If I had the luxury of opening a private, very personal auto museum that contained the 80-odd cars I’ve owned over the past 52 years (and some were very odd indeed), I’d arrange them in descending order of favoritism. I’d park my favorite cars next to the entrance. Then would come those that I liked less and less and less than my favorites. Finally, way at the back of the building, tucked in just behind the Honda S600 roadster, would be my least favorite car, the 1972 Alfa Romeo Montreal I owned in 2007-2008.

Awful Romeo, I called it. Some cars, like puppies, want to do the right thing: They’re friendly, frisky and tail-waggingly anxious to please. To me, the Montreal was more like an intemperate ferret: aggressive, aggravating, high-strung, complicated and hard to live with.

The Montreal looked great on paper. An Alfa salesman could wow a potential customer with the car’s long list of engineering marvels. Before I get into those, though, I’d like to take you through a short history of how the Montreal came to be.

In the mid 1960s, Alfa Romeo commissioned Bertone to design and build a showcar for the 1967 Canadian World Expo in Montreal. The showcar, unnamed at the time, used an Alfa Giulia Sprint GT chassis and the 1,600cc, four-cylinder Giulia engine. Public reaction was positive enough to encourage Alfa to put a similar-looking car into production.

Company engineers Ozario Puliga and Giuseppe Busso feared, though, that the showcar’s 1,600cc engine wouldn’t do for a 2,800-pound coupe. So instead, they took inspiration from Alfa’s 2.0-liter Formula I racing V-8 and decided to wrap the production Montreal around a new engine based on that.

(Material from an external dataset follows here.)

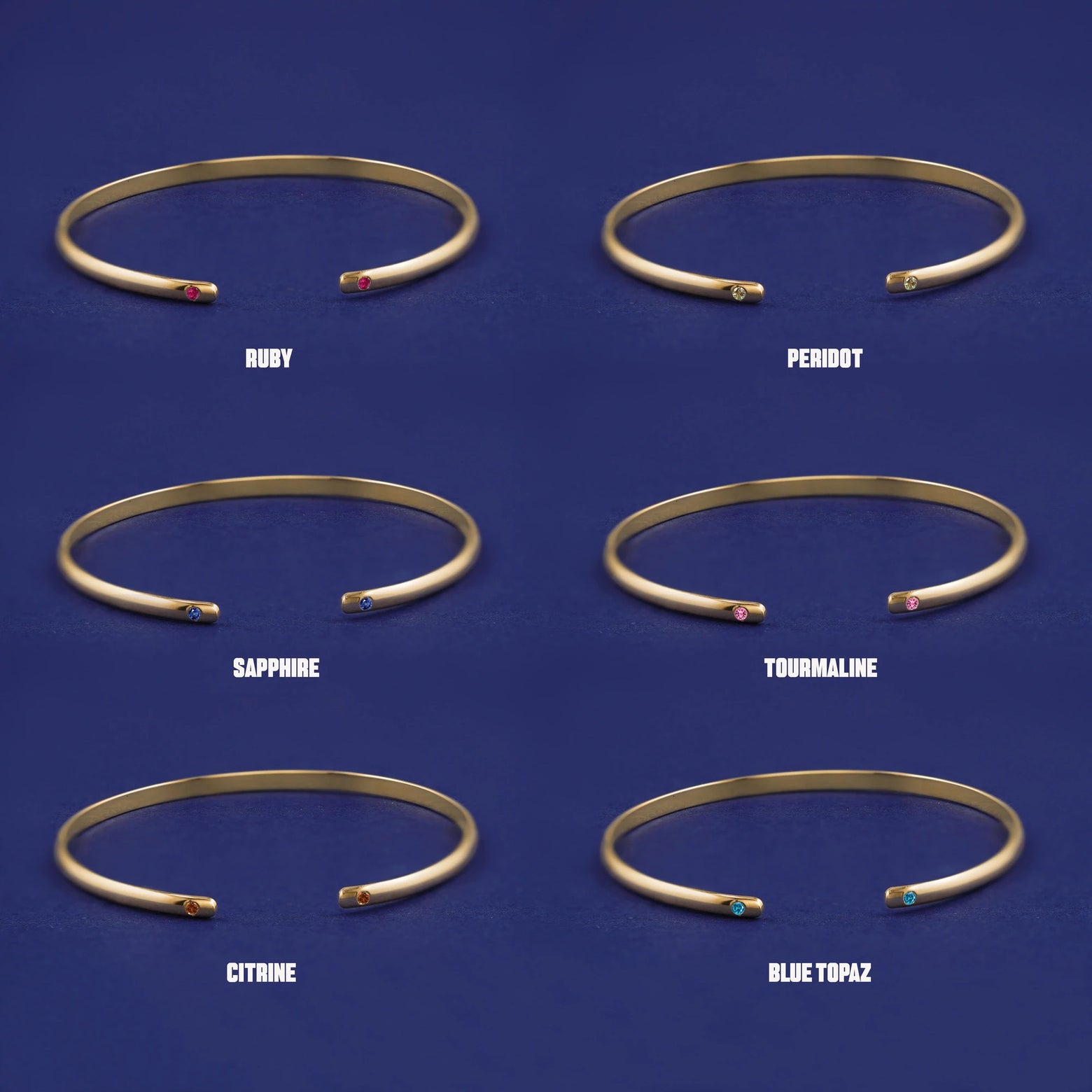 Six versions of the solid yellow gold Gemstone Open Bangle showing 6 different birthstone options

They ended up designing a tour de force – a state-of-the-art, 2.6-liter, quad-cam, all-aluminum, wet-sleeve, dry-sump V-8 with hemispherical combustion chambers, free-flowing exhausts, Spica mechanical fuel injection and Magneti Marelli transistor ignition. It was an engine any car company could rightly be proud of.

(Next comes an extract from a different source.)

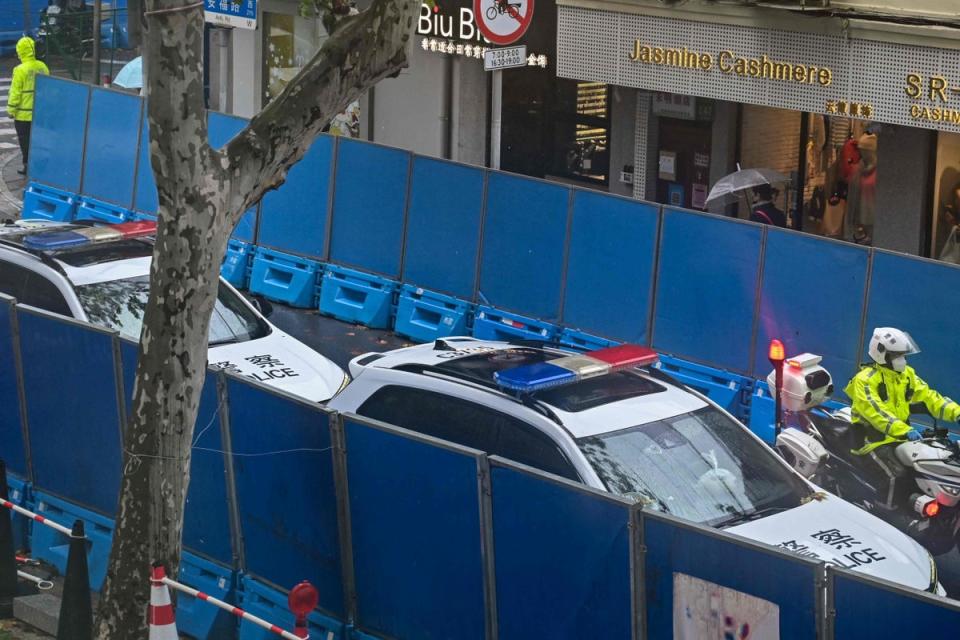 Police vehicles are seen next to Wulumuqi road, named for Urumqi in Mandarin, in Shanghai on November 29, 2022, two days after rare protests against China's zero-Covid policy following a deadly fire in Urumqi, the capital of the Xinjiang region. (Photo by HECTOR RETAMAL / AFP) (Photo by HECTOR RETAMAL/AFP via Getty Images) (AFP via Getty Images)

The V-8 revved smoothly to 7,000 RPM, developed 197 bhp at 6,500 RPM and 173 pound-feet of torque at 4,750 RPM. The Montreal could accelerate from zero to 60 MPH in approximately 7.2 seconds and had a top speed, according to reports of the day, of 137 MPH.

The new car’s chassis, suspension, steering, live rear axle and limited-slip differential were all taken from the Giulia GTV coupe. The five-speed ZF transmission and vented four-wheel disc brakes, however, were unique to the Montreal. Bertone built and supplied the 2+2 body, fully painted and with the interior installed.

In all, Alfa sold a total of 3,917 Montreals between 1971 and 1977. They were never safety- or smog-certified in the U.S. and thus weren’t imported into this country or Canada. The Montreals that ended up here came in one by one, mostly as used cars. Alfa did, though, distribute them throughout Europe and in England.


In Mike’s opinion, Bertone tossed a lot of 1970s styling cliches onto the Montreal, but most are for show. The NACA duct on the hood is blanked off, the headlamp doors serve no function, and only one of the sail-panel slots exhausts air from the interior.

Now, why did I call my Montreal an Awful Romeo? Basically, because I found its engineering unnecessarily complicated. That was the main reason. But I also felt its performance weak, its styling clichéd, and trying to work on the car proved an unspeakable pain in the tush.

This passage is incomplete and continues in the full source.